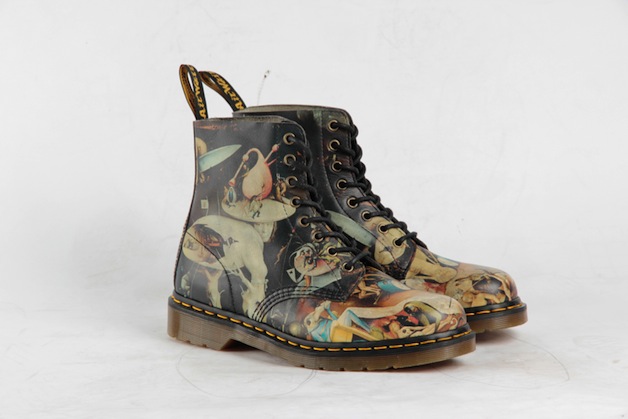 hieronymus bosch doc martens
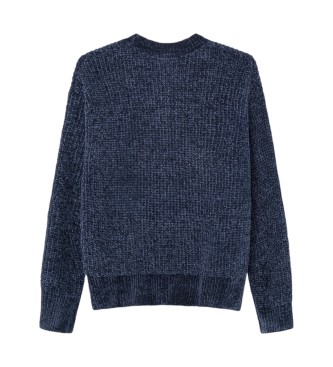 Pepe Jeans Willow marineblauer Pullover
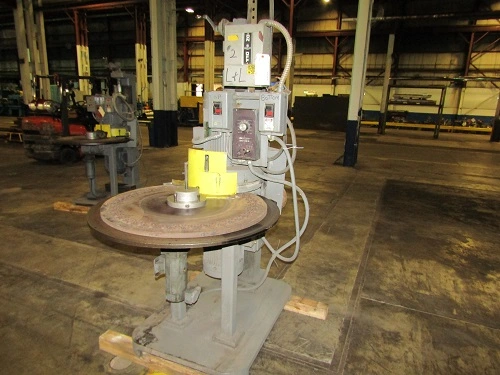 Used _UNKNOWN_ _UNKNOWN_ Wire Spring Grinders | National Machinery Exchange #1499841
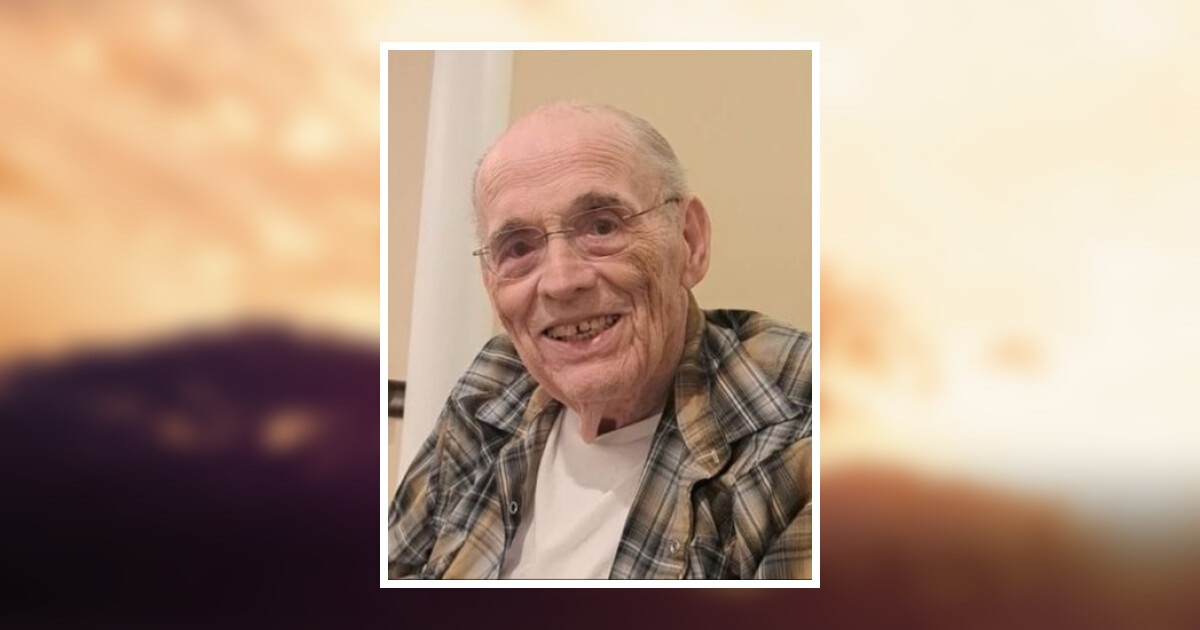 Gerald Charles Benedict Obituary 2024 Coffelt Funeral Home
============
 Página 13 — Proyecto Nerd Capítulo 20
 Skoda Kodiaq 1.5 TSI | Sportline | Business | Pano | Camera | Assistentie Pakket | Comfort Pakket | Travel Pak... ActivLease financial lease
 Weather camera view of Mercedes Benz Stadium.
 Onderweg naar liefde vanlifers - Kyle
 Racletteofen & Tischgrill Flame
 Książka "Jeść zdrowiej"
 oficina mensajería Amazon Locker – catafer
============
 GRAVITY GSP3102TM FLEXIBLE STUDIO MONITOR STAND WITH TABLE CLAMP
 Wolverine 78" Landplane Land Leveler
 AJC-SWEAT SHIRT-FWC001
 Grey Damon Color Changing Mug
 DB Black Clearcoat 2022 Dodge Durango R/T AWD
============
• **What the task requires**
In the entries above, find the line holding "Skoda Kodiaq 1.5" and the line holding "Racletteofen & Tischgrill Flame"; print both of them and every line between, exactly, and nothing else.

• **Answer section**
 Skoda Kodiaq 1.5 TSI | Sportline | Business | Pano | Camera | Assistentie Pakket | Comfort Pakket | Travel Pak... ActivLease financial lease
 Weather camera view of Mercedes Benz Stadium.
 Onderweg naar liefde vanlifers - Kyle
 Racletteofen & Tischgrill Flame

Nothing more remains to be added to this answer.